• [Short text fragments from websites]
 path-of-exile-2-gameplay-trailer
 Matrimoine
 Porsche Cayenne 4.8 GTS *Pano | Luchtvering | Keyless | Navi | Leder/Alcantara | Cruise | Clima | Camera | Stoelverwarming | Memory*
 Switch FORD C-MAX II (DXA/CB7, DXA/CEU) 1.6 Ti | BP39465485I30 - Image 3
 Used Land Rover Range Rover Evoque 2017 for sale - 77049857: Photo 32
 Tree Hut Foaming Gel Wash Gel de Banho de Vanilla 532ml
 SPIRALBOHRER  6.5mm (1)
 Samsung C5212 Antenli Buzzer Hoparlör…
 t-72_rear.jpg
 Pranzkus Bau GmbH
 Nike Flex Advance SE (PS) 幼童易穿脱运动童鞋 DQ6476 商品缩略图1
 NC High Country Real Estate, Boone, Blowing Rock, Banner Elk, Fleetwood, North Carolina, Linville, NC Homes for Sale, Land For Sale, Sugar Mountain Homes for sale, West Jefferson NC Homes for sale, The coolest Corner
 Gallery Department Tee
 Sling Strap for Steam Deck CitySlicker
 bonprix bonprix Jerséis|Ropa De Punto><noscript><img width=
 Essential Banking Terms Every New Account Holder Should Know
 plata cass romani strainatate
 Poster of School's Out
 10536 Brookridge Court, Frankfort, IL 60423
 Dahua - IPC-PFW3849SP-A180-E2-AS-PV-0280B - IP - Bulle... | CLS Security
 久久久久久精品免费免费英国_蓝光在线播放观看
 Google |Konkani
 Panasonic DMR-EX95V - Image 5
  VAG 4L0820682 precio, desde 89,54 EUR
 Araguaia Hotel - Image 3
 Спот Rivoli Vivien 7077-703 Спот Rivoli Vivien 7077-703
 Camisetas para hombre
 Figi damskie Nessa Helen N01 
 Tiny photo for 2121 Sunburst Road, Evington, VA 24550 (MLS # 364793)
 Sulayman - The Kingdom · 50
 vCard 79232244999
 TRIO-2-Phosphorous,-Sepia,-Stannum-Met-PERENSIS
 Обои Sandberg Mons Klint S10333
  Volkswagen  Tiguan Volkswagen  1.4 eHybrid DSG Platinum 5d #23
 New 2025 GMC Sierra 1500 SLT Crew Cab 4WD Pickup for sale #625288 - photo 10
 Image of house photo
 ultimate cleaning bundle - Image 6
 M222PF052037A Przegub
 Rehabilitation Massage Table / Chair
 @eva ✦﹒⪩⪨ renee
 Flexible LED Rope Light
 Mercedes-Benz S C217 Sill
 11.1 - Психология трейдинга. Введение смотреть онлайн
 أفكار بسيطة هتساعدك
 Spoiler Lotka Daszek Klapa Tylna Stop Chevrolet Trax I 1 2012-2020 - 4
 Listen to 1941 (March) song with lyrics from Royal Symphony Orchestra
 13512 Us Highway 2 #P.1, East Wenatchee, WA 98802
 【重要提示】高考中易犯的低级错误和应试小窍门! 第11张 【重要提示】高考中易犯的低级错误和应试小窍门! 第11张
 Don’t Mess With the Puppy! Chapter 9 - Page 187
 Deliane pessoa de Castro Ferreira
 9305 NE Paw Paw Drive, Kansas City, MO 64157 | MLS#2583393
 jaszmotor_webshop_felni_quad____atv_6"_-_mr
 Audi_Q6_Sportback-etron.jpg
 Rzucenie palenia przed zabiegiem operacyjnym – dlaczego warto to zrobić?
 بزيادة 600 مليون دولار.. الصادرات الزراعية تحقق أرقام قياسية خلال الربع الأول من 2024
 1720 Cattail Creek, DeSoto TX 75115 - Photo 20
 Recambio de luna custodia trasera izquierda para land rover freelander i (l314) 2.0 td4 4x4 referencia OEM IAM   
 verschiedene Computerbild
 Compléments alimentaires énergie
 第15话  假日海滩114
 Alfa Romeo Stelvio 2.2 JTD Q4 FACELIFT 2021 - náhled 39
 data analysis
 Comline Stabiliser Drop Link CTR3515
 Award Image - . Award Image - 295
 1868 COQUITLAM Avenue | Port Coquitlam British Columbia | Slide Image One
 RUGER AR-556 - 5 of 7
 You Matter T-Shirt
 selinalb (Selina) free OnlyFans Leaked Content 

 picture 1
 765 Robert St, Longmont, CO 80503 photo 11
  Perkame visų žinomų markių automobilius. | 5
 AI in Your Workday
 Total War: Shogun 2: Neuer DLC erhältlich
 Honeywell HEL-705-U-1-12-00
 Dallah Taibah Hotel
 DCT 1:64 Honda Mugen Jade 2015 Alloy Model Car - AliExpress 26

• [YOUR OBJECTIVE] Using the entries above, give again exactly the lines from the line holding "Switch FORD C-MAX" through the line holding "Platinum 5d #23". Include both end lines and nothing else.

• [RESULT FOR THIS TASK]
 Switch FORD C-MAX II (DXA/CB7, DXA/CEU) 1.6 Ti | BP39465485I30 - Image 3
 Used Land Rover Range Rover Evoque 2017 for sale - 77049857: Photo 32
 Tree Hut Foaming Gel Wash Gel de Banho de Vanilla 532ml
 SPIRALBOHRER  6.5mm (1)
 Samsung C5212 Antenli Buzzer Hoparlör…
 t-72_rear.jpg
 Pranzkus Bau GmbH
 Nike Flex Advance SE (PS) 幼童易穿脱运动童鞋 DQ6476 商品缩略图1
 NC High Country Real Estate, Boone, Blowing Rock, Banner Elk, Fleetwood, North Carolina, Linville, NC Homes for Sale, Land For Sale, Sugar Mountain Homes for sale, West Jefferson NC Homes for sale, The coolest Corner
 Gallery Department Tee
 Sling Strap for Steam Deck CitySlicker
 bonprix bonprix Jerséis|Ropa De Punto><noscript><img width=
 Essential Banking Terms Every New Account Holder Should Know
 plata cass romani strainatate
 Poster of School's Out
 10536 Brookridge Court, Frankfort, IL 60423
 Dahua - IPC-PFW3849SP-A180-E2-AS-PV-0280B - IP - Bulle... | CLS Security
 久久久久久精品免费免费英国_蓝光在线播放观看
 Google |Konkani
 Panasonic DMR-EX95V - Image 5
  VAG 4L0820682 precio, desde 89,54 EUR
 Araguaia Hotel - Image 3
 Спот Rivoli Vivien 7077-703 Спот Rivoli Vivien 7077-703
 Camisetas para hombre
 Figi damskie Nessa Helen N01 
 Tiny photo for 2121 Sunburst Road, Evington, VA 24550 (MLS # 364793)
 Sulayman - The Kingdom · 50
 vCard 79232244999
 TRIO-2-Phosphorous,-Sepia,-Stannum-Met-PERENSIS
 Обои Sandberg Mons Klint S10333
  Volkswagen  Tiguan Volkswagen  1.4 eHybrid DSG Platinum 5d #23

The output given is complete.